Investors are paying a huge premium to buy into the current crypto bull run via the publicly-traded Grayscale Bitcoin Investment Trust (GBTC).
The share price of GBTC is showing a premium of around 37% based on the amount of BTC in its reserves. This comes on the back of the firm’s announcement that its fund is now holding over $2 billion worth of crypto.
Grayscale shot past $2 billion in assets under management today https://t.co/B0WK2SgKHE
— Barry Silbert (@barrysilbert) May 28, 2019
The flagship product currently trades at $11.44 per share, putting the price of Bitcoin above $11,600 – which is a premium of $3,000 per coin.

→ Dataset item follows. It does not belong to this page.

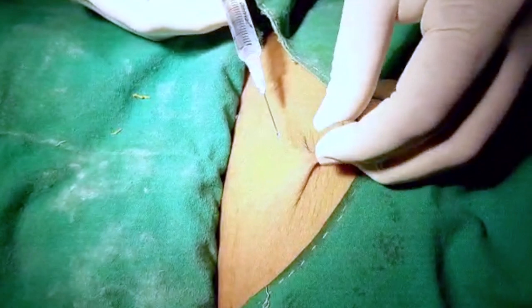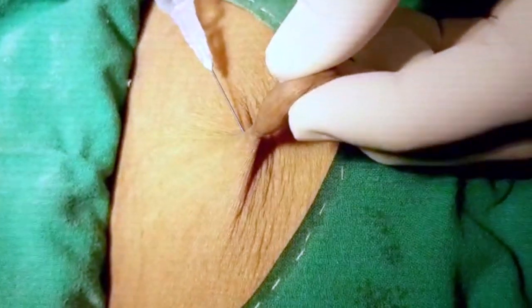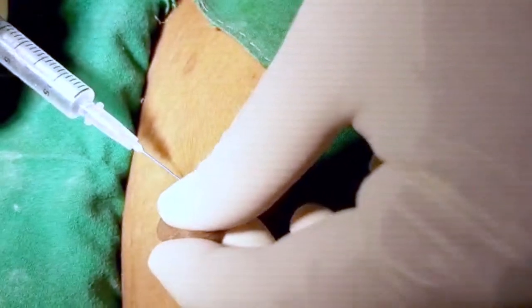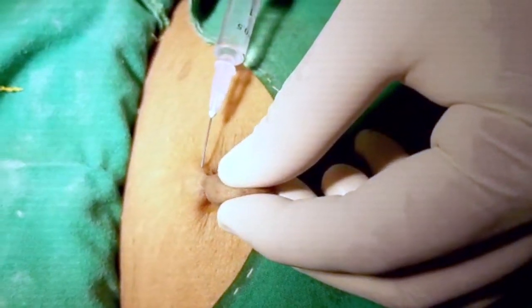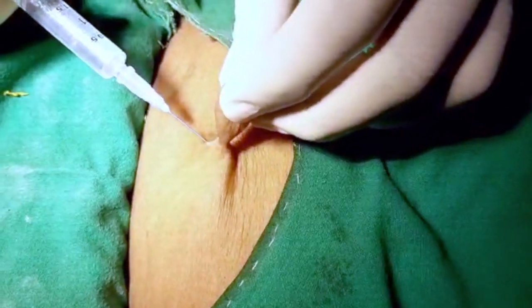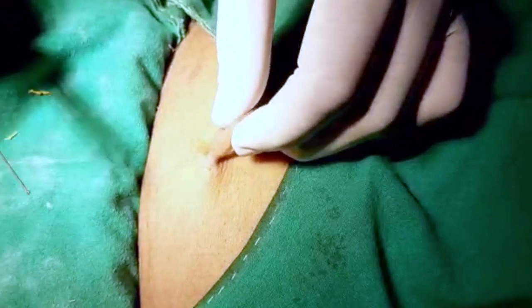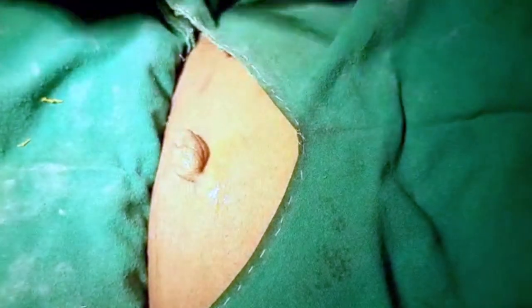Here we will be infiltrating the anaesthesia subcutaneously in all directions with a single prick — we will not take out the needle and will not make multiple pricks. Anaesthesia was infiltrated; hardly 0.5 ml is required. We will wait for some time.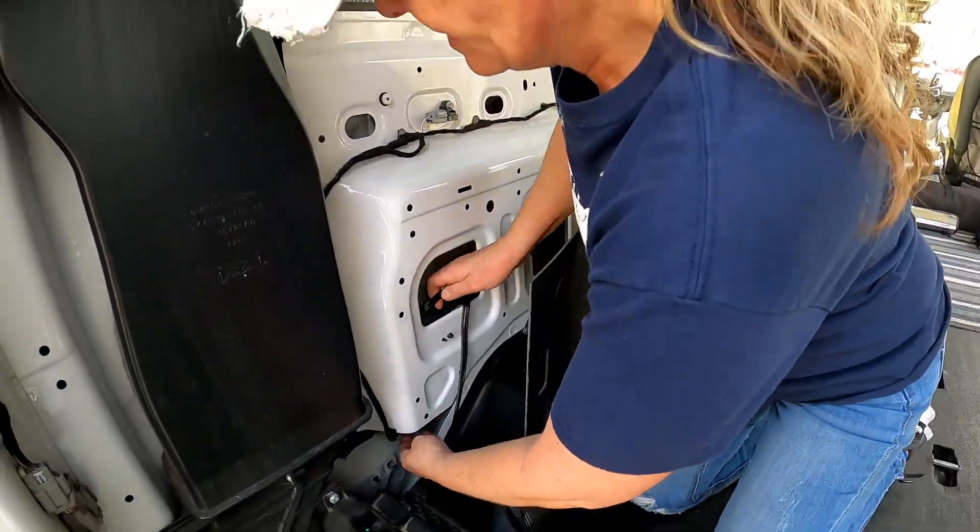All right, ready? Moment of truth. Yeah! So that is shore power access to Big Toe.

The publicly-traded Bitcoin fund has recently been pushing its “drop gold” campaign to try and persuade more people to invest in its crypto products. The firm provides some of the most widely-utilised crypto asset investment vehicles used by accredited and institutional investors to allow customers to invest in the crypto market in a strictly regulated and transparent environment.
The product works by allowing institutional investors to gain exposure to the price movement of the world’s leading cryptocurrency by using a traditional vehicle of investment. They don’t have to worry about storing, buying, or managing their private keys. This comes with the added bonus that shares can also be held in some US-based IRA and brokerage accounts.
‘Dumb’ money buying in?
Based on the current price of $11.44 per share in the trust, it works out that if an investor buys one full Bitcoin using GBTC, it would cost considerably over $11,000 due to the premium on the investment vehicle. Buying at this level of premium would most likely be labelled as ‘dumb’ money buying into the newly-christened bull market for BTC.
As the publicly-traded stock (available on US-based services like TD Ameritrade) most likely represents the easiest way for FOMO investors to quickly get some exposure, they can be safe in the knowledge that they may also be able to exit a short-term trade at a similarly high premium to the coins traded on popular and regulated exchanges like Coinbase, Gemini, or Kraken.